By: Ben Snaidero | Updated: 2022-02-23 | Comments (9) | Related: > TSQL
Problem
When searching a character-based column in a SQL Server table, it's very rare that we know the exact string we are searching for and can perform the query using the = operator. The SQL LIKE operator can be used to search for static and wildcard string patterns within any character-based column.
In this tutorial we will go through examples showing the many different ways the LIKE operator can be used. We will cover the most basic use cases all the way up to some advanced techniques using indexes on computed columns to speed up text-based searches.
Solution
When learning about any operator, I find the best method for understanding how it works is to just work through a bunch of examples to show what can be done with it. With that being said, it is always a good idea to read through the documentation and become familiar with syntax and the different options available. You can read more about this from this link, but I will be explaining in this tip the main points from the documentation.

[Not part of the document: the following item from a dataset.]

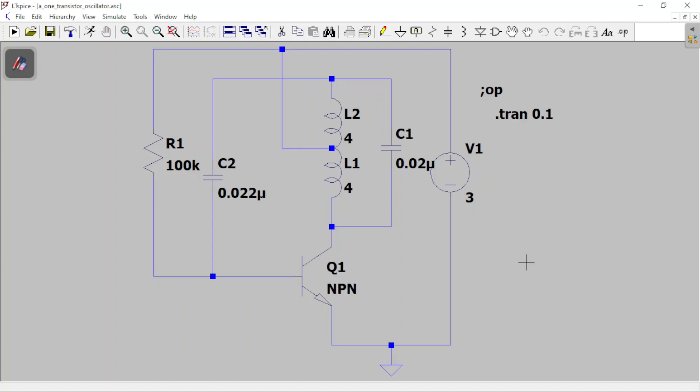Hey guys, today we're going to talk about the Hartley oscillator when the amplifier is used as a Class C amplifier — not as a Class A. I don't think that's discussed much on YouTube. So this is my NPN transistor: base, collector, emitter — it's a common emitter configuration.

SQL LIKE Statement Tutorial
Like any operator, the SQL Server LIKE operator goes between the two expressions/patterns it will be evaluating. The expressions can be columns or hard coded values, both of which can include wildcard characters (more on those below). As with most other operators, the NOT clause can also be added to negate the condition being checked. One other special clause with this operator is the ESCAPE clause which allows you to add wildcard characters in the WHERE clause as literal characters in your expressions. Here is the basic syntax.
match_expression [ NOT ] LIKE pattern [ ESCAPE escape_character ]
There are 4 different SQL LIKE wildcard characters that can be used in the pattern to perform your search in the WHERE clause. We will go through examples of each character to better explain how they work, but here is a short description of each specified pattern.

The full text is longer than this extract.